Negotiators have been working to a ‘final’ deadline of November 15 but sources last night said that talks could continue beyond this for ‘a few days’ if a deal is close.

It comes as peers prepare to vote down controversial parts of the Government’s Internal Market Bill, which override last year’s Brexit deal relating to Northern Ireland, in the Lords tonight.

If this happens ministers will ask MPs to reinstate them in the hope peers will then back down. The Lords could continue to reject them, using their power to delay legislation for a year, which could spark a major constitutional row.

The provisions have also been criticised by US President-elect Joe Biden, who has warned that any move to undermine the peace process could also jeopardise hopes of a US-UK trade deal. 

But Mr Johnson last night denied reports the Government is on the brink of dropping the measures, which are designed to prevent the creation of a trade border down the Irish Sea in the event of there being no deal with the EU.
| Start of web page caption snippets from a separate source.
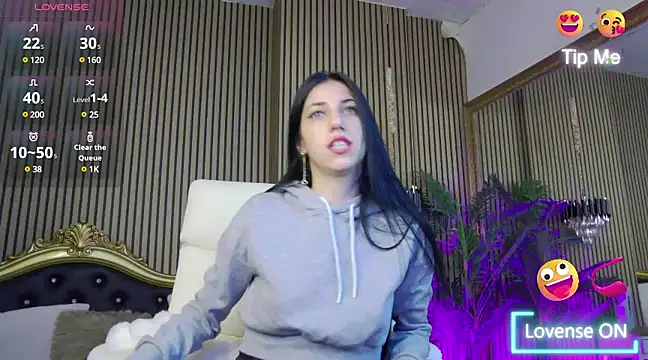 Snapshot of KeylaBlair chatting on January 31, 2025, 3:44 pm KeylaBlair online show from January 31, 2025, 3:44 pm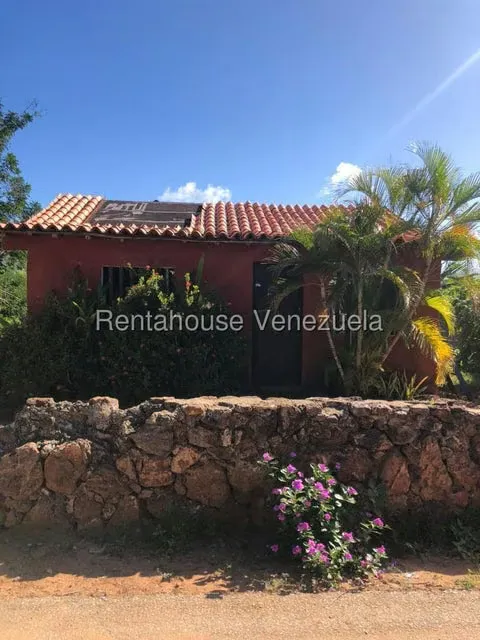 Terreno (Residencial) en Venta en Aricagua, Nueva Esparta - 14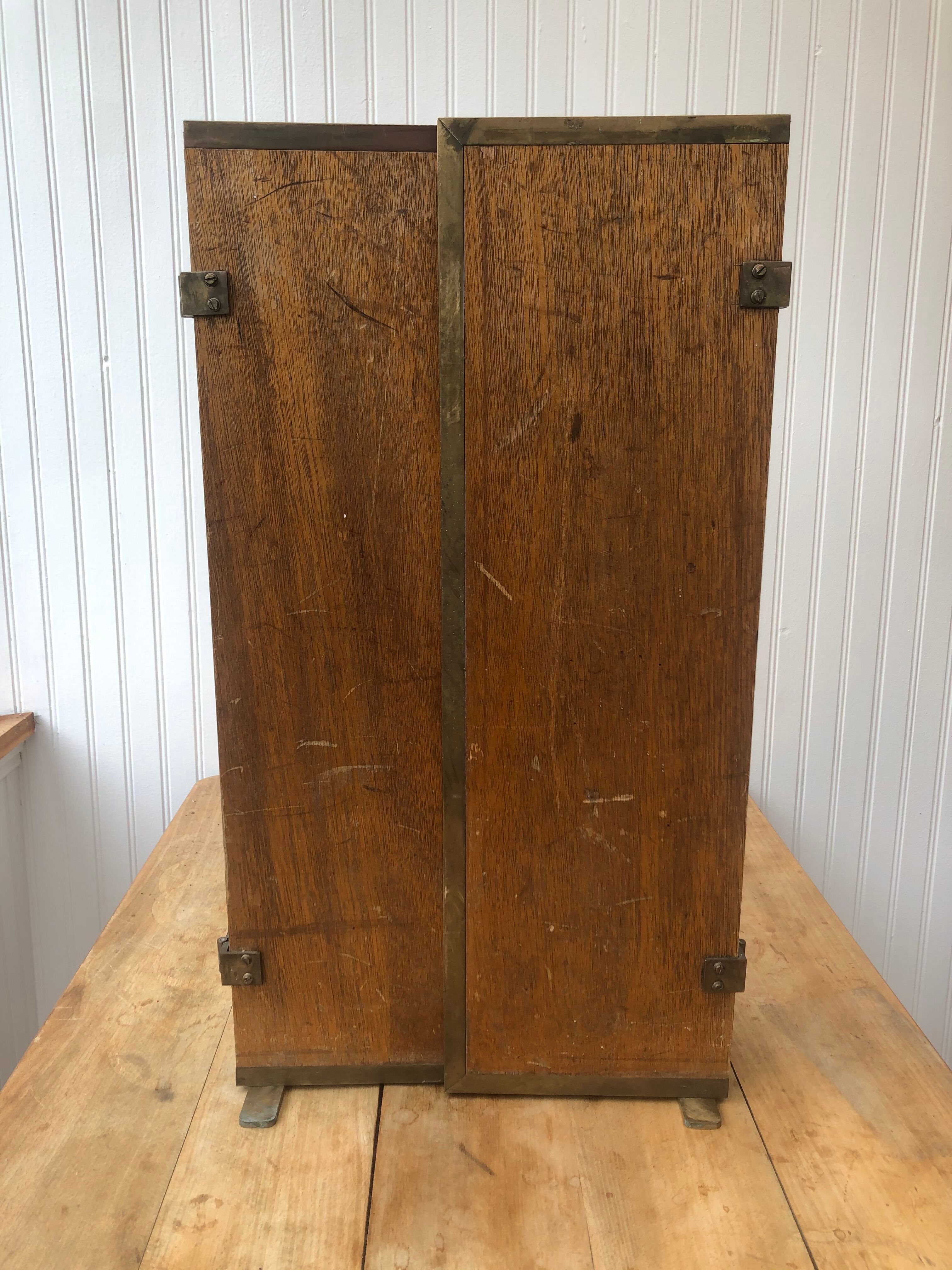 Psyché des année 30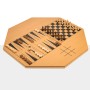 Crokinole 5-in-1 Philos - 3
Asked if the legislation would go ahead as planned, Mr Johnson said: ‘Yes… the parliamentary timetable goes ahead. The whole point of that Bill and indeed the Finance Bill is to protect and uphold the Good Friday Agreement and the peace process in Northern Ireland.

‘And again, that’s one of the things that we’re united on with our friends in the White House.’

Mr Eustice confirmed today that the Government will reinstate the controversial clauses if they are stripped out by the Lords.

He told Sky News: ‘We will. The UK Internal Market Bill is not about undermining the Belfast Agreement, it’s about standing behind it, making sure that it works and looking after the interests of Northern Ireland, making sure the peace and stability that’s been hard-won there can carry on.

‘The limited number of areas where we took a power subject to Parliament agreeing it, to be able to create legal clarity and legal certainty should there be areas of the joint-committee process in our negotiations with the EU, if there are areas that can’t be agreed, we’ve got to provide that legal certainty and clarity.’

Ministers acknowledged that the Government will have to persuade Mr Biden, who has Irish heritage, that the legislation is necessary if trade talks with the EU collapse.

Foreign Secretary Dominic Raab told the BBC’s Andrew Marr show: ‘I’m confident we will navigate all of those issues sensitively and correctly.’ Mr Johnson said yesterday that there was a ‘good chance’ of a trade deal with the US and progress had already been made.

Sources in the Biden camp suggested the issue would not be an immediate priority for the president.